People who live near Subcontinental forest fear sloth bear way more than tiger. Unpredictable, sudden, speedy and ferocious, sloth bear attacks are anything but slothful. They are purely defensive, however, never predatory. Humans range through forest in search of firewood, honey, mushrooms and other forage. With their superb sense of smell, bear often do their termite harvesting at night and then sleep, sometimes with cubs, during the heat of the day when humans stumble across them. Poor in eyesight and hearing, bear startle easily and react with extreme aggression. They will even charge tigers, sometimes with cubs on back, sometimes standing up on hind legs so as to intimidate. Tigers wisely shun combat and move away. (Search out a tiger-bear video from this past July 21.) Elephants, on the other hand, quickly charge bears to drive them off. In Sri Lanka, leopard-bear conflict sometimes happens in wildlife reserves. In one episode at Yala, a bear slew a leopard in a fight, but was so badly wounded that rangers put it down.
No one reading this article will ever go foraging through bear territory. Those who do so in their lives at jungle edges should bring companions and make constant noise so that shy bear receive notice to move away. When they notice a bear noticing them, they should back away slowly if possible. Bears run much faster than we can. If charged, they should drop to ground, curl up and try to cover face and neck, many experts advise, contending there are no known fatalities among those who have done so. Unfortunately, however, one Indian study finds a somewhat higher incidence of serious injury among those who ‘play dead’ over those who fight or flee. Horrific maiming, limb loss and disfigurement may spell ‘social death’ worse than the actual.

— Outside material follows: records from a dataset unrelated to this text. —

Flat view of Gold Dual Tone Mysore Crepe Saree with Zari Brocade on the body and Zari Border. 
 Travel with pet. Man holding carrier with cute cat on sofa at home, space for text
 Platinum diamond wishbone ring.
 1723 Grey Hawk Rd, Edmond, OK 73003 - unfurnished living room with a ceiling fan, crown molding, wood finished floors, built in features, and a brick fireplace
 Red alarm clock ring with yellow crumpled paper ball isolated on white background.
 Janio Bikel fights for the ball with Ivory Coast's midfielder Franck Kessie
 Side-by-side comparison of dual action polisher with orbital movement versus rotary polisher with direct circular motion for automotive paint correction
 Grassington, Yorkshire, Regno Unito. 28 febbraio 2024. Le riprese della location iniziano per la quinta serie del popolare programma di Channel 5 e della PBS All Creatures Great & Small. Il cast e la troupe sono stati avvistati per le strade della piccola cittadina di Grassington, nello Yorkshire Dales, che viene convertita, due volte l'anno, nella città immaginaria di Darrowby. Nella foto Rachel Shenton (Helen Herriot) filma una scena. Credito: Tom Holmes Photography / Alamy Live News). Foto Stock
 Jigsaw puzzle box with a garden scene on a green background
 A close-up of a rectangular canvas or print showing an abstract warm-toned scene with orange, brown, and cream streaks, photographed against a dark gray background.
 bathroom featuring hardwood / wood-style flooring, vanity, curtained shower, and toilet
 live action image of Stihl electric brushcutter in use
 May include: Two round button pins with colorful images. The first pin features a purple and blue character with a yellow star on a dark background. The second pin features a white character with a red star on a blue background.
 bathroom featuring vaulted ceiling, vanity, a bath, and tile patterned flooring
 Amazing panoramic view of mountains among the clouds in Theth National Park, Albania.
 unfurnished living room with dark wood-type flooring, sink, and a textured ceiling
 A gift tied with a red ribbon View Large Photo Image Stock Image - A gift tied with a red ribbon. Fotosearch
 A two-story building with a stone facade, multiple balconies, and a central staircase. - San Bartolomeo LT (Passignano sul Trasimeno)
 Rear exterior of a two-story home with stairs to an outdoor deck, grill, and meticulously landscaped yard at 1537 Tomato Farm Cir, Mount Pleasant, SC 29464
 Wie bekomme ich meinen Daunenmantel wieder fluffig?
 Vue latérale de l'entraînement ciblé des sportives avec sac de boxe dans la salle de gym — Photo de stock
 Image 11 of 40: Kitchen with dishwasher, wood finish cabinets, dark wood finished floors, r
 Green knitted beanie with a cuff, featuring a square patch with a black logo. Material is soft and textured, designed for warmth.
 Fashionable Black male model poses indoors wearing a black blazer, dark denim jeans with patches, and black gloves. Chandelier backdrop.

SLOTH BEAR PROTECTION ORGANIZATIONS
- Biodiversity Education and Research (BEAR): conservation initiative centered on Wilpattu
- Dilmah Conservation
- Wildlife SOS
- International Association for Bear Research and Management
Revenge killing of sloth bear isn’t hard to understand. Habitat separation and village safety training should be ramped up instead, of course. Besides their sheer fascination and our culpability in their demise, sloth bear warrant better protection for a third reason as well: their status as a ‘keystone’ species, one whose decline or disappearance could send disaster cascading through an ecosystem. Bear copiously disperse partly-germinated and well-fertilized fruit seed through their droppings, supporting food chains crucial to many. And without bears, termite numbers would soar. That’s good, right, because termites digest dead wood and cycle nutrients into re-use? Not so fast. Termite over-abundance can produce too-rapid digestion of dead trees still standing, called ‘snags.’ Holes and cracks in such trees provide shelter, protection and feeding opportunities for birds, mammals, reptiles and other creatures. By keeping termites in check, bear help maintain such micro-habitats. All this gives ‘bear necessities’ new meaning, no?